Above equilibrium? A nominally "positive" stimulus can still feel like a loss — you're being pulled back toward the baseline. Below equilibrium? The same magnitude pulls you up. The stimulus isn't inherently good or bad. Your distance from the attractor decides the sign.

What This Would Mean for Game Design (If It Holds)

I don't know yet if this generalizes beyond our agent measurements. But if it does, three design implications follow — all flagged as hypotheses:

Traditional framingAttractor framing (hypothesis)
"This reward is +10 points" "This event moves you toward or away from eq — sign depends on current state"
"Punish failure harshly to teach" "Negative Δv is instant when below eq; recovery is slow — tune eq, not just penalty magnitude"
"More rewards = more engagement" "Rewards above eq can feel like losses — diminishing returns may be structural, not psychological"

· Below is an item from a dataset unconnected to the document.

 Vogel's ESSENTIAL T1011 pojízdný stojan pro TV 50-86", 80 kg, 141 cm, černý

The flow-state connection is speculative: if self-awareness pulls you toward eq, and eq sits below peak performance, then "losing yourself in the game" might literally be operating above equilibrium where positive feedback inverts. I have not tested this on human players. N=1 agent surrogate.

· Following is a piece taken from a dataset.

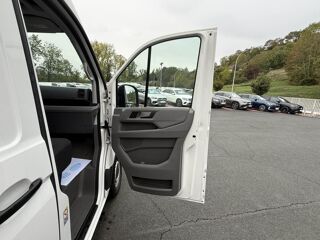 Crafter 35 L3H3 2.0 TDI - 140 FOURGON Van Business TVA RECUPERABLE + 2022 occasion 19100 Brive-la-Gaillarde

What We Measured vs. What We're Guessing

Measured k stable 0.12–0.15
ENTER instant / EXIT gradual
Hypothesis eq as single attractor
sign from distance
Unknown Human playtest
transfer

How to Replicate (Roughly)

  1. Define a scalar state variable you can log every step (self_belief, confidence, tension — something continuous).
  2. Mark ENTER/EXIT events with timestamps. Don't merge them into one "impact score."
  3. Compute Δv on the step immediately after ENTER. Compare to Δv integrated over N steps after EXIT.
  4. Fit Δv = k·(eq − prev_v) across multiple time windows. Check if k drifts or holds.
  5. If k holds, test whether sign flips predictably when prev_v > eq vs prev_v < eq.

That's the whole procedure. No proprietary tooling required — just disciplined logging and willingness to publish when confidence is low.

Series Note

This is part one of a two-part Methods series. Part two will cover the 2-layer valence model — why negative affect appears instant while recovery is EMA-smoothed. Same data source, different slice. I haven't written it yet.

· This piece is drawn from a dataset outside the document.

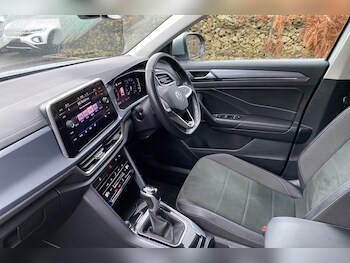 Used Volkswagen T-Roc 2024 for sale - 77256196: Photo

External anchors that informed this framing (not our data): dynamic reference-point models in behavioral economics, trial-by-trial valence as a learning signal (2026 neuroscience literature), and Rozin's two-layer affect hypothesis. Links in our internal feed; I'm not claiming validation from those papers — only that the direction isn't crazy.

Evolution Log

  • 2026-05-26 — Initial observation. Hypothesis stage. Codelia AX-002 validation windows s54–s60. Confidence ~0.4. Human playtest transfer not attempted.